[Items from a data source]
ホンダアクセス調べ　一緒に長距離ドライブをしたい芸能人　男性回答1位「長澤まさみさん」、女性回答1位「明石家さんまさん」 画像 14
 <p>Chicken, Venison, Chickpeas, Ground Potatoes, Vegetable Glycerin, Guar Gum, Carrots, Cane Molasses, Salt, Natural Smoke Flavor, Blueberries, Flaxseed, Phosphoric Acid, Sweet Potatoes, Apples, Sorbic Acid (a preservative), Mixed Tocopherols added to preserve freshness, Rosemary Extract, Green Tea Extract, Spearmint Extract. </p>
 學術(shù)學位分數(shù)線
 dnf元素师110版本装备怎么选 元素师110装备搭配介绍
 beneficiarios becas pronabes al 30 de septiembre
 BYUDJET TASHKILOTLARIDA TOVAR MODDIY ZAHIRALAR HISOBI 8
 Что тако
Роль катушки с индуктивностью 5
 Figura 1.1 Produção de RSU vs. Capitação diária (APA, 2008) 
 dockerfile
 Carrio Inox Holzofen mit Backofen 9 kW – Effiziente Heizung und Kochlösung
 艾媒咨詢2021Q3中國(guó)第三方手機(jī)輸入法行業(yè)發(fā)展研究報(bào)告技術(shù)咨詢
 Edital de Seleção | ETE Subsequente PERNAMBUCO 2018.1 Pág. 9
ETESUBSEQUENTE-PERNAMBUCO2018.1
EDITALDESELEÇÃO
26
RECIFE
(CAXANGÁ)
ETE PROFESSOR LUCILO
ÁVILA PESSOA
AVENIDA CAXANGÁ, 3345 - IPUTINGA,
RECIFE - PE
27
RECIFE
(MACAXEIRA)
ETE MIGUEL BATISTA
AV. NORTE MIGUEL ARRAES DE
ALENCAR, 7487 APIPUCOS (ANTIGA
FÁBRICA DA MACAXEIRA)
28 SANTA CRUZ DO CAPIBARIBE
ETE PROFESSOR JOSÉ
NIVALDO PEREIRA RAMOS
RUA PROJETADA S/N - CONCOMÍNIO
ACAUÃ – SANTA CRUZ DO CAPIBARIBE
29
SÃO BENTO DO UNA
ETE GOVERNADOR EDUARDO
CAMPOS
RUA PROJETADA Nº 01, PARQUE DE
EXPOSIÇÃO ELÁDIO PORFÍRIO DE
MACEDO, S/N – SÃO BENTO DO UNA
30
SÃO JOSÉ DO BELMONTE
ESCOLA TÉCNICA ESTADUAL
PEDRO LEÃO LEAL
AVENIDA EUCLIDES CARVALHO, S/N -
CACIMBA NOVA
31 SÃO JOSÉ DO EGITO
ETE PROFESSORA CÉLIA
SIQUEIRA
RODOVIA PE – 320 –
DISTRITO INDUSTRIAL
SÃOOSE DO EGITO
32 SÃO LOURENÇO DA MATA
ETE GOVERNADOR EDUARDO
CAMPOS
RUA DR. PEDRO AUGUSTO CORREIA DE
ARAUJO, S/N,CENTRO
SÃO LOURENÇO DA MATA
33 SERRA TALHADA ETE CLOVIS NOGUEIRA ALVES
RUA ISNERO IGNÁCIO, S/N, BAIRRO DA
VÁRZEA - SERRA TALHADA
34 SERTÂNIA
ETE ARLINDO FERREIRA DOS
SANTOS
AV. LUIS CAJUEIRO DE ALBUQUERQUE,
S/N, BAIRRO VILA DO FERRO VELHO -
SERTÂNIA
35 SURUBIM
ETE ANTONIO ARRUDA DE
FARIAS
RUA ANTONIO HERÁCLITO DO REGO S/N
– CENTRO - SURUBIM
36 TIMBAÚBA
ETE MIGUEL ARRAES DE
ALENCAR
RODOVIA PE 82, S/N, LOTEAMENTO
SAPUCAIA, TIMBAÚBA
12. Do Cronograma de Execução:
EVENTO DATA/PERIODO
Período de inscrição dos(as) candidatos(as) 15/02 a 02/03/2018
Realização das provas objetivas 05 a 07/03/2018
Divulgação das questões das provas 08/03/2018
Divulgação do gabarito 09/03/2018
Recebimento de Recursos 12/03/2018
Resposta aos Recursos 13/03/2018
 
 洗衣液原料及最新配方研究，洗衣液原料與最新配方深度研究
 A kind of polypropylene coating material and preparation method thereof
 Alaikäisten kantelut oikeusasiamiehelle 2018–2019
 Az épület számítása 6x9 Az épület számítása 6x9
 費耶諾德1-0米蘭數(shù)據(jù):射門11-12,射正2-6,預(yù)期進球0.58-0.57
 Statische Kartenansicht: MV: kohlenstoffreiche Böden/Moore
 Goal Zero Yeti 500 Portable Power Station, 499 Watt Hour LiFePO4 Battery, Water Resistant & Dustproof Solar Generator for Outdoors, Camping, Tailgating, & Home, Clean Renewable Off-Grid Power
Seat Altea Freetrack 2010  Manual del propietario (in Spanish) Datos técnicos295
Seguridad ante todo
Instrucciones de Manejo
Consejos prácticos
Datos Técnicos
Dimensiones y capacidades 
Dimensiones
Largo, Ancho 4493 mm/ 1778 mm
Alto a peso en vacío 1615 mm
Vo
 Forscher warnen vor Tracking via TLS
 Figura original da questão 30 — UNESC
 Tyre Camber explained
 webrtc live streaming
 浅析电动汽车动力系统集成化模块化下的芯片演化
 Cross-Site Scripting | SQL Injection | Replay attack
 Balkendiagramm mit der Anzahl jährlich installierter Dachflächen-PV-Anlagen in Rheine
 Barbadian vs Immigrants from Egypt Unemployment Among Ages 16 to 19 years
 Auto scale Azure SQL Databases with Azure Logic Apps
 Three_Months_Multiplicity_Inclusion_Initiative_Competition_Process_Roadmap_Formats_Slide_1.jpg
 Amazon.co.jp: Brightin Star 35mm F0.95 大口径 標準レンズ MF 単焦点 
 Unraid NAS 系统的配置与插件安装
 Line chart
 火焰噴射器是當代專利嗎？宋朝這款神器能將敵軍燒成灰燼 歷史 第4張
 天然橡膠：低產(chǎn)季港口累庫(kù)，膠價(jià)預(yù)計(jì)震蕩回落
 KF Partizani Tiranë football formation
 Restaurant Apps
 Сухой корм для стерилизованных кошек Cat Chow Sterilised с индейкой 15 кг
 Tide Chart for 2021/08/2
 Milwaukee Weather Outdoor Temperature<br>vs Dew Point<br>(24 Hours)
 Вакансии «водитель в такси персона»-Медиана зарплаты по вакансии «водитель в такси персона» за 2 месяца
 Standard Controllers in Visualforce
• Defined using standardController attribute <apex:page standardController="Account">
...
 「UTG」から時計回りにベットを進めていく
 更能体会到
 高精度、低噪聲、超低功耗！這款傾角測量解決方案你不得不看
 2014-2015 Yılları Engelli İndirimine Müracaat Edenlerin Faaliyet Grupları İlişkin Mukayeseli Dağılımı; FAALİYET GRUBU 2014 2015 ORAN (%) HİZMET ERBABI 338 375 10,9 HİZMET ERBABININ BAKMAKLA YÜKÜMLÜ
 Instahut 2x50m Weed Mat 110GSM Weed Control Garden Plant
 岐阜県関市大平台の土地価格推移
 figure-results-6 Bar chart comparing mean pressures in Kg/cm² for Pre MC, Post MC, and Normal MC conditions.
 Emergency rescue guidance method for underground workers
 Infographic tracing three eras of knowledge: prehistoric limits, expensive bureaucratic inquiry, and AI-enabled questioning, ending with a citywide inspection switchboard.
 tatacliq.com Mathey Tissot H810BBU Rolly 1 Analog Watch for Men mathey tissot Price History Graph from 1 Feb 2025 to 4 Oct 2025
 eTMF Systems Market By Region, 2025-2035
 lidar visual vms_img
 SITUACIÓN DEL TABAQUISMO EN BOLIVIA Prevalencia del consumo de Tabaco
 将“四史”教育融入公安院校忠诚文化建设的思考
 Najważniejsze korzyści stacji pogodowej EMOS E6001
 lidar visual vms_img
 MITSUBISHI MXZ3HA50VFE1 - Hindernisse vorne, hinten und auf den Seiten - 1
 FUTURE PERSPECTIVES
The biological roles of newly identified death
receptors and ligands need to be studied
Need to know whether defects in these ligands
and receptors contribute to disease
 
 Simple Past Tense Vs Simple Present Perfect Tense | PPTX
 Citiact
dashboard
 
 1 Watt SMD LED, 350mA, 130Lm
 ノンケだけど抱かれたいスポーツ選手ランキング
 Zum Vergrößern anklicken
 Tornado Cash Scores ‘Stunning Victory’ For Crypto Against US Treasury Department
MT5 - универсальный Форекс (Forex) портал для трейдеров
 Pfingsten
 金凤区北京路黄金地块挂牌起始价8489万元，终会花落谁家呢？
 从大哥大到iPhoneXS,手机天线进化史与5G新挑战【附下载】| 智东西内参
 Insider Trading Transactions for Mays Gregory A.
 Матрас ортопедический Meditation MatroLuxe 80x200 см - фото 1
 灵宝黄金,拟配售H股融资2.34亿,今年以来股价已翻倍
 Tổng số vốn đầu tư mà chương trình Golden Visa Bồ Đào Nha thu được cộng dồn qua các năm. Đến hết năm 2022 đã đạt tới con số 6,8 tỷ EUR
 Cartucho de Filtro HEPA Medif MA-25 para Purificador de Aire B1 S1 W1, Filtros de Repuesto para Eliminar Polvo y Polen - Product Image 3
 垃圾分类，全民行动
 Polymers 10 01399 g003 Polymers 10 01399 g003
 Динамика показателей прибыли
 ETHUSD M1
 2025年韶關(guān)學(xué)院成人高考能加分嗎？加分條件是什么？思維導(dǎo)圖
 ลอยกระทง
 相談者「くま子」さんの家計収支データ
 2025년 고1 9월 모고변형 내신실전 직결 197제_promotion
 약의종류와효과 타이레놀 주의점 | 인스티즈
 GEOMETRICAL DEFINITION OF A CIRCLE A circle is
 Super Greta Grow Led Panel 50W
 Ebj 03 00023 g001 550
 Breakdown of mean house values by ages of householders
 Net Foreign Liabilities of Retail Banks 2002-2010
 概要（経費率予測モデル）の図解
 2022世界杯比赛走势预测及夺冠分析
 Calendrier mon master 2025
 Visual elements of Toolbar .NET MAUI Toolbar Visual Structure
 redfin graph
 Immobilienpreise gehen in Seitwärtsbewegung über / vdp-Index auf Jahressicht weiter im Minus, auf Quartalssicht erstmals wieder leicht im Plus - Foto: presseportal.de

— WHAT IS EXPECTED —
Starting at the line that contains "灵宝黄金,拟配售H股融资2.34亿,今年以来股价已翻倍", write out every line through the last one in the data above, exactly as it stands.

— FINAL ANSWER —
 灵宝黄金,拟配售H股融资2.34亿,今年以来股价已翻倍
 Tổng số vốn đầu tư mà chương trình Golden Visa Bồ Đào Nha thu được cộng dồn qua các năm. Đến hết năm 2022 đã đạt tới con số 6,8 tỷ EUR
 Cartucho de Filtro HEPA Medif MA-25 para Purificador de Aire B1 S1 W1, Filtros de Repuesto para Eliminar Polvo y Polen - Product Image 3
 垃圾分类，全民行动
 Polymers 10 01399 g003 Polymers 10 01399 g003
 Динамика показателей прибыли
 ETHUSD M1
 2025年韶關(guān)學(xué)院成人高考能加分嗎？加分條件是什么？思維導(dǎo)圖
 ลอยกระทง
 相談者「くま子」さんの家計収支データ
 2025년 고1 9월 모고변형 내신실전 직결 197제_promotion
 약의종류와효과 타이레놀 주의점 | 인스티즈
 GEOMETRICAL DEFINITION OF A CIRCLE A circle is
 Super Greta Grow Led Panel 50W
 Ebj 03 00023 g001 550
 Breakdown of mean house values by ages of householders
 Net Foreign Liabilities of Retail Banks 2002-2010
 概要（経費率予測モデル）の図解
 2022世界杯比赛走势预测及夺冠分析
 Calendrier mon master 2025
 Visual elements of Toolbar .NET MAUI Toolbar Visual Structure
 redfin graph
 Immobilienpreise gehen in Seitwärtsbewegung über / vdp-Index auf Jahressicht weiter im Minus, auf Quartalssicht erstmals wieder leicht im Plus - Foto: presseportal.de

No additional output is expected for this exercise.